## [Try it]
From the records below, output exactly the lines running from the line containing "Moon Stone August" through the line containing "Runyu® A-Z Schlagbuchstaben", and no others.

## [Records to use]

----

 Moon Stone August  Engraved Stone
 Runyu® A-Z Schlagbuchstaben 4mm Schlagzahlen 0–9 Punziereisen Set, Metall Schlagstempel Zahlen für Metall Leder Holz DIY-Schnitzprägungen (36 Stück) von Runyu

----

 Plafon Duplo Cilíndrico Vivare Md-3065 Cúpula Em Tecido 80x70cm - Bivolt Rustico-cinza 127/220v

----

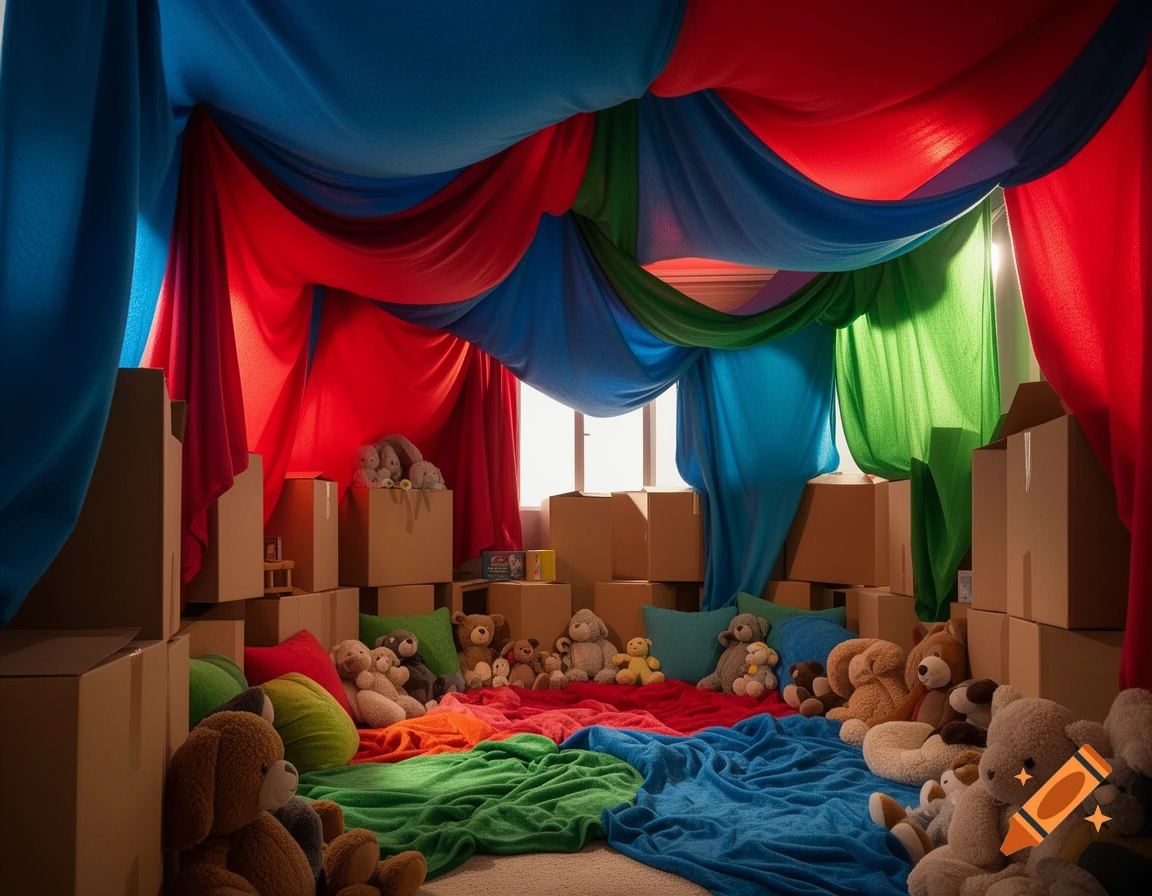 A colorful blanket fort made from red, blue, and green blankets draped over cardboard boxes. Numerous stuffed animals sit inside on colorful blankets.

----

## [Solution below]
 Moon Stone August  Engraved Stone
 Runyu® A-Z Schlagbuchstaben 4mm Schlagzahlen 0–9 Punziereisen Set, Metall Schlagstempel Zahlen für Metall Leder Holz DIY-Schnitzprägungen (36 Stück) von Runyu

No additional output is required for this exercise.